So what should we do about the problem of mean Catholics? One option, historically, has been Puritanism.  Puritans are those who are sure they know who the “real” Christians are.  They reject everyone else.  In colonial New England, for example, Puritans wouldn’t let you receive the sacraments, or become a minister or even vote in civil elections or run for office if you couldn’t “prove” you were one of the “real” Christians. Puritanism is attractive because it seems to solve the problem of bad Christians. We write them off as “not really Christian” and withdraw into our sect.

But Puritanism doesn’t work. New England Puritans from the very beginning split up into factions, each one sure they were the “real Christians” and that everyone else was a mere pretender. Puritanism is also unfaithful to the teaching of Jesus. In the parable of the tares, the Lord teaches there are good and bad in the Church. “Let them grow together until the harvest,” he said. (Matthew 13: 24-30)

We must avoid Puritanism, furthermore, because we can make mistakes about who the “good” and “bad” Catholics really are. It’s very easy to think the “good Catholics” are those we feel comfortable with, those who look or sound like us.  But the best Catholics may be the ones who go unnoticed, like the poor widow in the gospel. “Do you see this poor widow,” Jesus said, “She put in more than all the rest.” (Luke 21:3)

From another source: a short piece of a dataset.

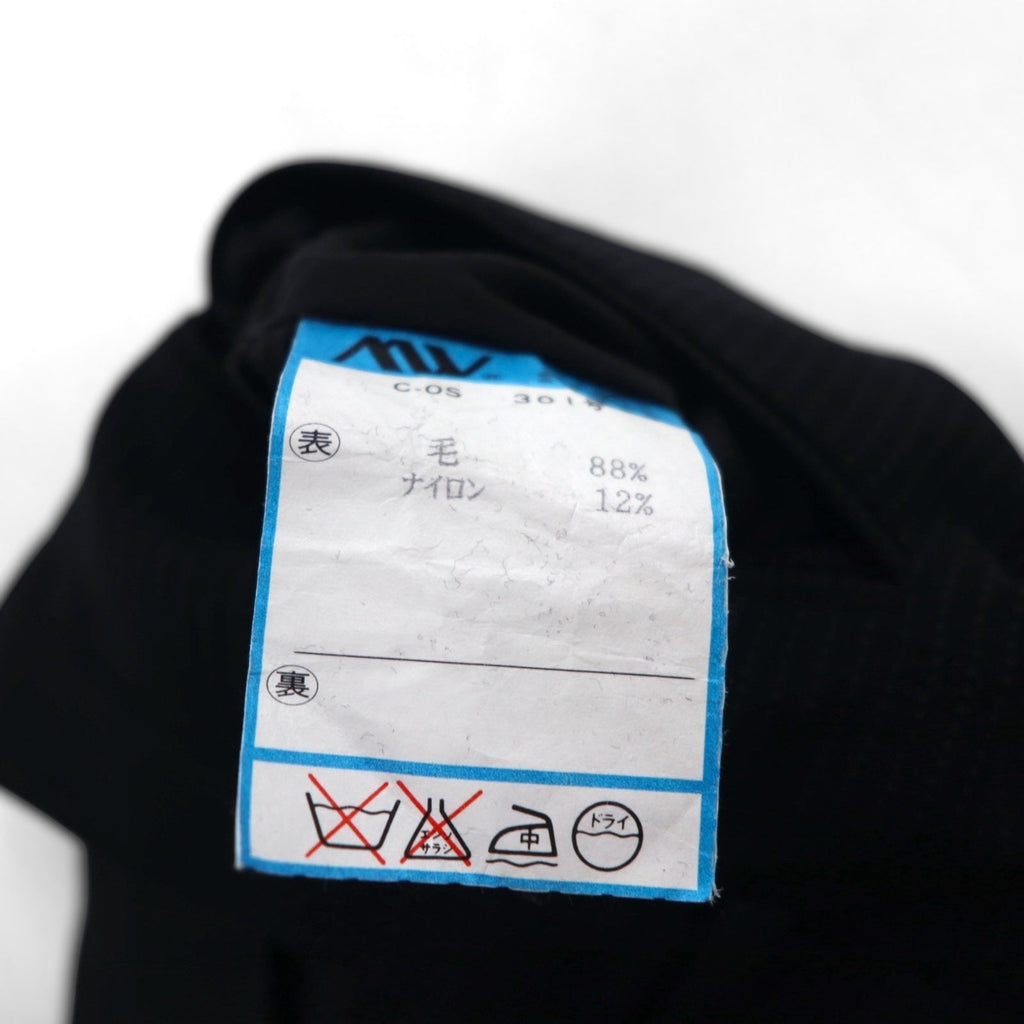 Paul Smith 3 bottoni, completo, taglia XL, nero, motivo occhio di pernice, LANIFICIO FINTES, tessuto italiano, made in Japan, anni '90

We may also misjudge who is really mean or bad. In 1944, the Anglican theologian and lay apologist C.S. Lewis gave an address called “The Inner Ring.” He pointed out that in most organizations or societies there are confidential discussions, unofficial hierarchies, and intimate circles that exclude us.  One of our strongest temptations is to resent that exclusion, even when it is perfectly innocent.  Sometimes we may call someone “mean,” simply because we envy their friends or influence.

But I don’t deny that there are truly “mean” peple in the church. There are the self-absorbed, the narcissistic, and the materialistic.  There are also the cocky, doctrinaire, holier-than-thou Pharisees. Jesus told us to expect this. We find both types even among his disciples. (Judas was a money grubber and a traitor. James and John could be unforgiving and censorious.)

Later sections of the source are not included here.